A nadie le extraña las maniobras del Deportivo de la Coruña con su presidente Lendoiro a la cabeza, pero esto ya se está pasando de castaño oscuro. Lo anunciaba y lo ha hecho realidad, ayer ante el Comité de Competición de la Federación el Deportivo impugnó el partido del Calderón entre el Atlético de Madrid y el Real Zaragoza por alineación indebida de Lafita. Ahora el Real Zaragoza tiene cinco días para enviar sus alegaciones.
Yo entiendo que todo el mundo tiene derecho a defender lo suyo, que si el Deportivo cree tener la razón lo lleve hasta sus últimas consecuencias, pero ¿es tan difícil que alguien lea el contrato ante los dos clubes y dictamine quien tiene razón? Como hace siempre Lendoiro hasta que un juez le diga que no tenga razón no va a parar, como hizo ayer el juzgado social número 1 en el caso De Guzmán, con lo que las impugnaciones seguirán.

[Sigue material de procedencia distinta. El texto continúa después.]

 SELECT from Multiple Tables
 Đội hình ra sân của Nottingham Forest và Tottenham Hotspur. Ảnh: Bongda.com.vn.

Ahora le toca mover pieza al Real Zaragoza porque si la Federación le da la razón al club maño este debería pedirle daños y perjuicios al Deportivo de la Coruña, primero por no poder disfrutar del jugador desde el principio de la temporada, segundo por todos viajes que están teniendo que realizar representantes del equipo y del jugador a La Coruña, tercero por el tiempo invertido por las asesorías jurídicas del Real Zaragoza y cuarto por el daño que se le está haciendo al jugador.
Seguro que esto no queda aquí con lo que esto no es más que un capítulo de un libro que no tiene ni tres ni revés.